Lawsuit accuses 3 automakers and parts maker in air bag case

Detroit – A class action lawsuit is accusing three automakers and a parts manufacturer of knowingly selling vehicles containing air bag inflators that are at risk of exploding. Two deaths and at least four injuries have been linked to such explosions.

The federal lawsuit, filed Tuesday in San Francisco, names ARC Automotive Inc. of Knoxville, Tennessee, which made the inflators and sold them to air bag manufacturers. The air bag makers, in turn sold them to General Motors, Ford and Volkswagen, which are named in the lawsuit, too.

This July 14, 2015, file photo shows the ARC Automotive manufacturing plant in Knoxville, Tenn.

The five plaintiffs are the owners of vehicles with ARC inflators who contend the defective air bag parts were not disclosed when they made their purchases.

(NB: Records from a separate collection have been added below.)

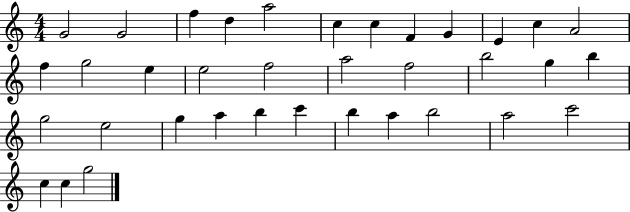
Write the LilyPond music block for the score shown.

{
  \clef treble
  \numericTimeSignature
  \time 4/4
  \key c \major
  g'2 g'2 | f''4 d''4 a''2 | c''4 c''4 f'4 g'4 | e'4 c''4 a'2 | \break f''4 g''2 e''4 | e''2 f''2 | a''2 f''2 | b''2 g''4 b''4 | \break g''2 e''2 | g''4 a''4 b''4 c'''4 | b''4 a''4 b''2 | a''2 c'''2 | \break c''4 c''4 g''2 | \bar "|."
}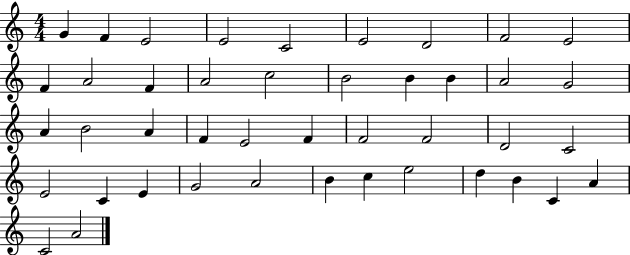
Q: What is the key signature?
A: C major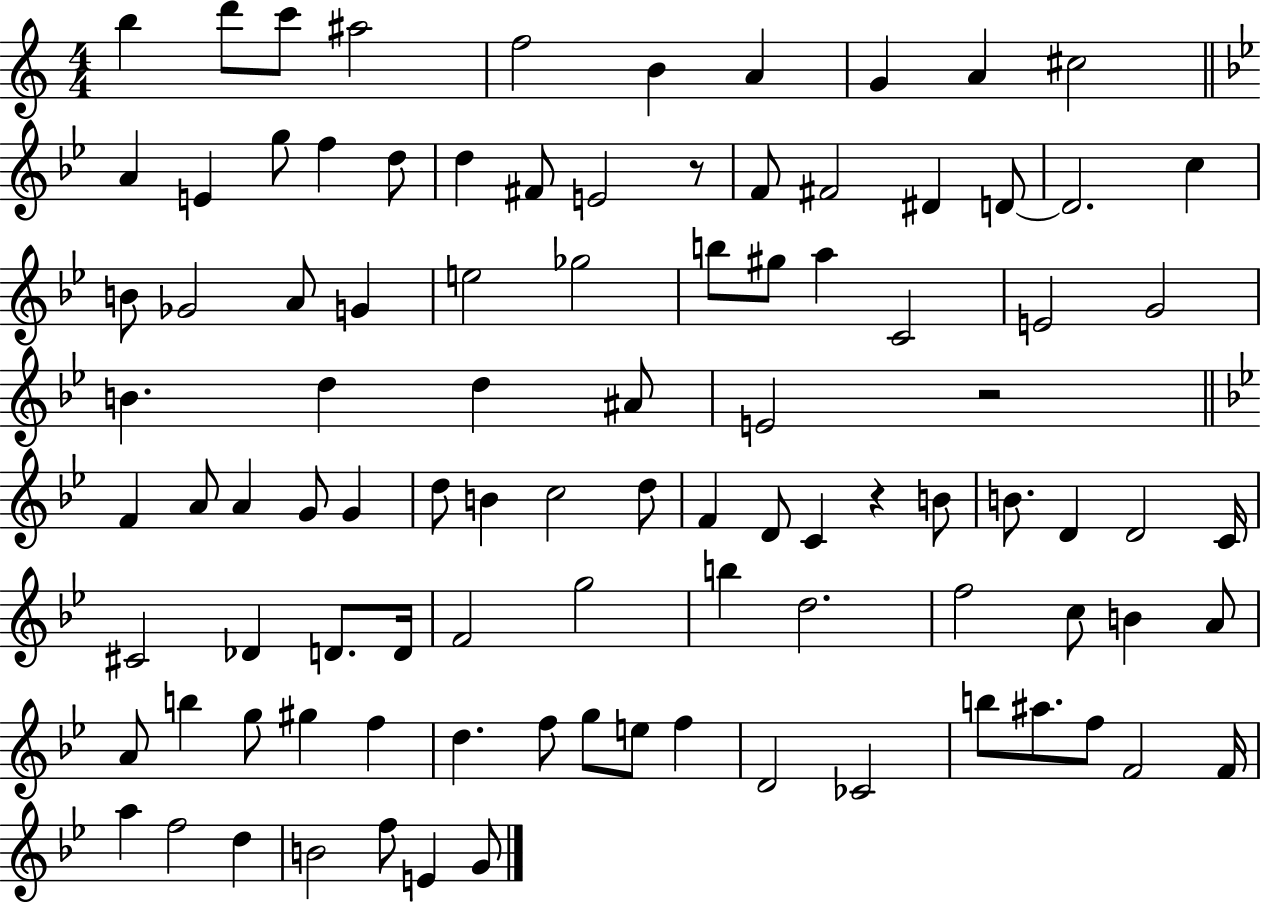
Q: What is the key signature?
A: C major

The U.S. National Highway Traffic Safety Administration, which has been investigating ARC inflators for nearly seven years without a resolution, estimates that there are 51 million on U.S. roads. That’s somewhere between 10% and 20% of all passenger vehicles.

Yet most drivers have no conclusive way to determine whether their vehicle contains an ARC inflator. Even if they were to tear apart the steering wheel assembly, the internal parts might bear the markings only of the automaker or the air bag manufacturer, not the inflator maker.

“You could have a ticking time bomb in your lap and you’ve got no way of knowing,” said Frank Melton, a Florida lawyer who is among those filing the new lawsuit.

One of the deaths was a mother of 10 who was killed in what appeared to be an otherwise minor crash in Michigan’s Upper Peninsula last summer. Police reports show that a metal inflator fragment hit her neck in a crash involving a 2015 Chevrolet Traverse SUV.

The plaintiffs allege that ARC’s inflators use ammonium nitrate as a secondary propellant to inflate the air bags. The propellant is pressed into tablets that can expand and develop microscopic holes if exposed to moisture. Degraded tablets have a larger surface area, causing them to burn too fast and ignite too big of an explosion, according to the lawsuit.